Need extra help, but not ready for assisted living? Here, some expert advice for aging in place.


Q. My mother is in her late 80s and her memory and health are failing. She lives in her house with a lovely man who is 92 (they both lost their spouses years ago) and they’ve been taking care of each other for the past five years. But things have gone downhill this year and my husband and I think neither of them is capable of living alone. My mother has wandered off and been gone for hours, unable to remember how to get home. Her partner has done the same thing. We’re very worried, plus we live in a different city that’s a five-hour drive away.

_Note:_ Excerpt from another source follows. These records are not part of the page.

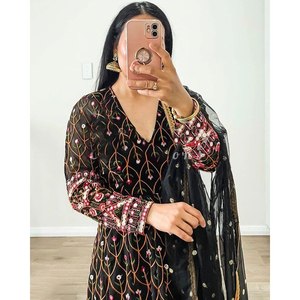 Ensemble haut, bas et dupatta pour soirée, taille XL, avec broderies et sequins. - Product Image 3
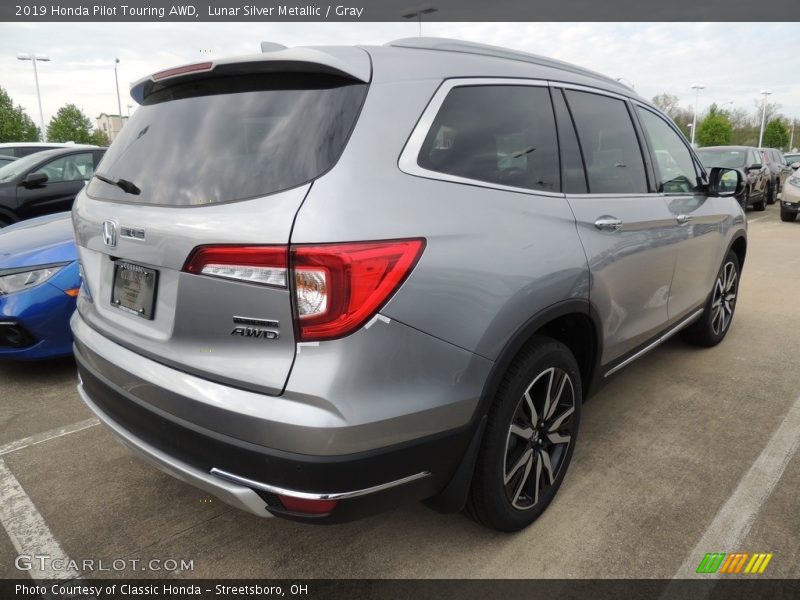 Lunar Silver Metallic / Gray 2019 Honda Pilot Touring AWD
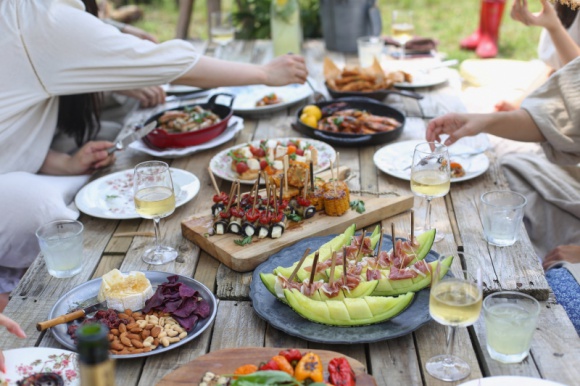Sezon na barbecue w pełni. Odśwież swoje menu i szukaj przepisów na grilla Styl życia, LIFESTYLE - Słoneczna pogoda, wakacyjny klimat i długie letnie wieczory to idealna okazja na grilla. Ciepłe miesiące jak żadne inne oferują niezliczone możliwości i bogactwo różnorodnych smaków.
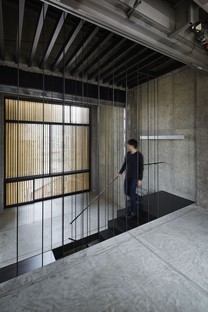 Florian Busch Architects K8 Bar Galerie à Kyoto
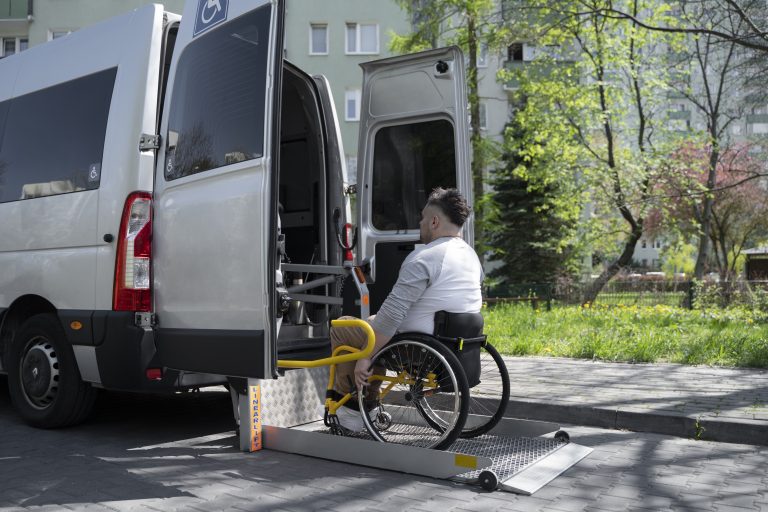 Brezplačni prevozi na klic za gibalno ovirane osebe v štirih slovenskih mestih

We’ve been going back and forth and trying to help from a distance, but I still work full-time (I’m 59) and it’s exhausting. We know in our hearts the time has come for them to move into assisted living of some kind, but they refuse. We’re their only family in Canada. What should we do?

Marion, Belleville


A. Get a live-in housekeeper. That’s what Dr. Gloria Gutman advises. She’s a B.C.-based scholar, writer and an international authority on gerontology. “That would be my very first suggestion. It will cost less than moving them into assisted living, plus then they get to stay in a familiar surrounding and they’re still in control, which is very important.”

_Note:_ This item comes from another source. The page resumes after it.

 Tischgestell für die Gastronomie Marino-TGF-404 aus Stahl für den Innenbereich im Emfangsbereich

Ideally, she says, it would be someone who has worked with older people before. Dr. Gutman emphasizes it’s vital your mother and her partner get the right kind of housekeeper, or caregiver as they tend to be called these days; someone who likes older people and is a sensible, reliable person. “Well meaning relatives often get frantic,” Dr. Gutman acknowledges. “They freak out and the first thing they think is ‘Oh my God, we must move them’ – which could well kill them both because then you’ve got relocation stress and all sorts of other issues, including much higher costs.”